A escolha do jornalismo é uma sem muita explicação: me sentia com necessidade de ter um lado mais criativo, mas minha fiel inibição companheira me impedia de fazer algo mais ousado; me situei com a comunicação social. Logo entendi que a versatilidade jornalística era necessária, mas só nos últimos dias percebi o desafiador que pode ser realmente conquistá-la.
Se assisti-lo parece algo distante, cobrir um evento de tênis pode obter tom de delírio idealista. Mas, um pouco da última pode ser um impulso cego para novas tentativas. Chegar no ginásio foi tranquilo e pensei que faria mais ou menos aquilo que o ano de protojornalista me ensinou: chegar, tirar umas fotos, ver impressões pessoais, fechou.
Com menos de dez minutos, a tarefa que parecia simples se transformou em uma parada em food truck gourmetizado para escapar da quadra principal (mas motivada pela fome, também). Dezoito reais em um crepe de pizza com borda de parmesão não estava entre as prioridades da cobertura, mas o moço da pipoca estava sem trocado.
Sensação de pertencimento é algo complicado: se sentir confortável em locais é uma responsabilidade dupla, transferida tanto ao ambiente quanto à pessoa que nele está. Ser um estudante cobrindo um evento de imprensa profissional pode parecer intimidador, mas isso se potencializa quando esse é quase inexistente na sua realidade diária. Mesmo assim, sentei. Suei um pouco e, quanto mais olhava para a tela do placar, mais entendia que a minha ignorância esportiva não era tão desprezível. Pensei em conversar com a editora, confessar minha estupidez cega, falar que deixávamos para outra vez. De qualquer forma, o compromisso continuava e ainda havia certa motivação.
O tênis sempre me pareceu um esporte fascinante. A agilidade e força necessárias para o jogo ficaram muito mais evidentes quando pisei na quadra de novo e prestei atenção na forma como os jogadores se moviam no saibro. Por sinal percebi ser bem diferente do que esperava, mas tomou sentido ao ver a rapidez com que a bola e os jogadores andam pela quadra. Apesar de me encontrar em um estado de desespero, a forma como Thiago Wild, com apenas 17 anos, se sustentou em quadra contra o experiente Berlocq, de 35, foi bastante cativante. A diferença de idade entre ambos era evidente, mas o menino conseguiu se manter bem diante do veterano por boa parte do jogo. Um boa partida e, para o mais amador de todos, uma bela aula.

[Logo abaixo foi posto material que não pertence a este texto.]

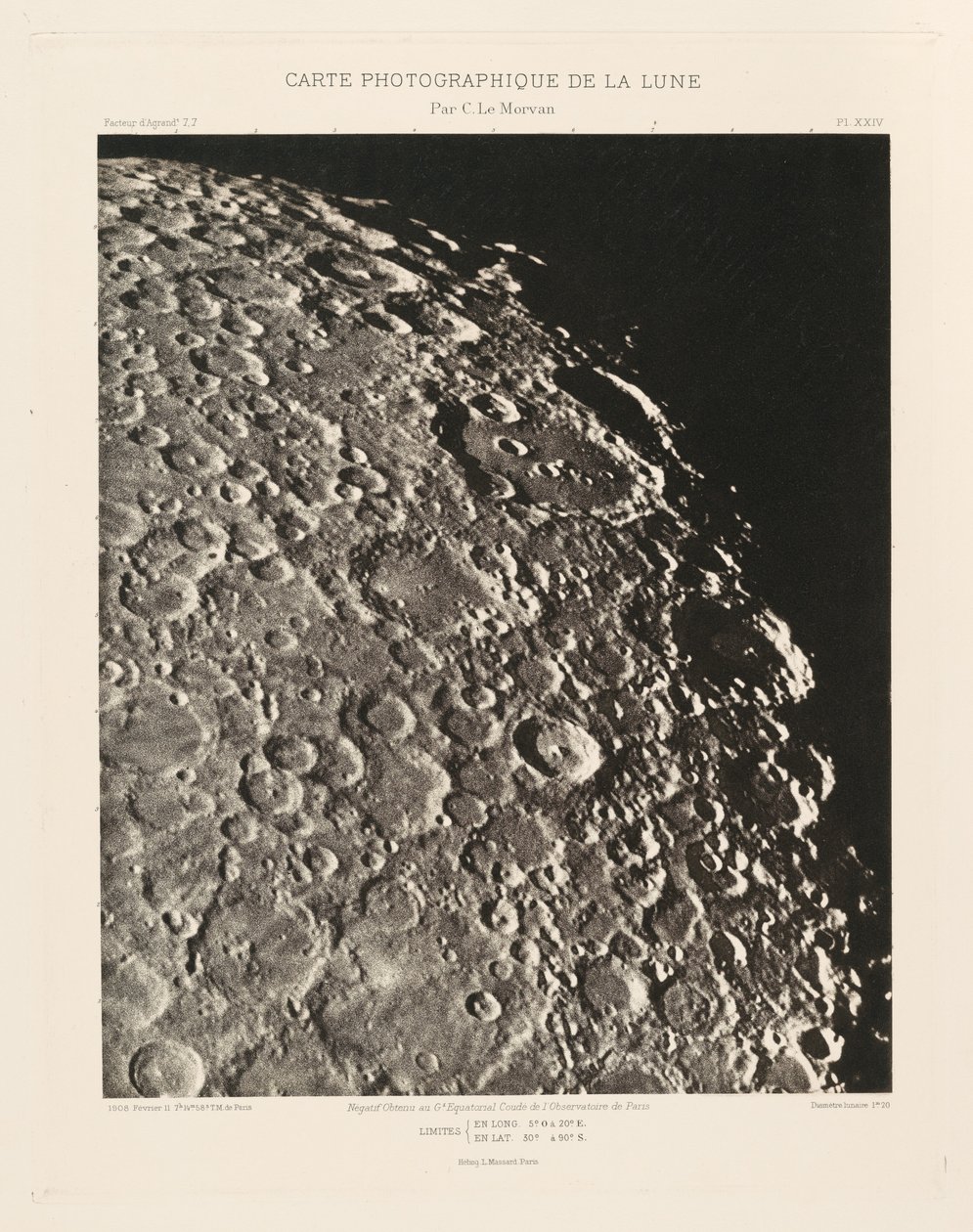 Photographic Chart of the Moon, plate XXIV by Charles le Morvan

Com o passar do tempo e árdua troca de mensagens com amigas amantes de esporte, e um pouco de atenção dirigida exclusivamente ao jogo e não aos jornalistas esportivos ao meu lado, o Ginásio do Ibirapuera foi se tornando mais acolhedor. O cheiro de pipoca daqui quase se assemelhava ao de tequeños de Caracas. Não era por estar entendendo que Thomaz Bellucci e André Sá estavam vencendo o set contra um tenista da Croácia e outro de Mônaco, e que Sá iria se aposentar, mas porque o envolvimento era inevitável e a emoção começou a pertencer, fazer sentido. Por isso o estádio na Venezuela não era motivo de desconforto, por isso minha mãe trocou de time com facilidade e por isso não era tanto devaneio cobrir um evento de um esporte desconhecido: a emoção era a mesma da infância e a apreensividade não era mais de desconhecimento e nervosismo, mas de euforia. Talvez eu e meu jeito atrapalhado tenhamos entendido que nosso lugar era onde o sentir fosse bom.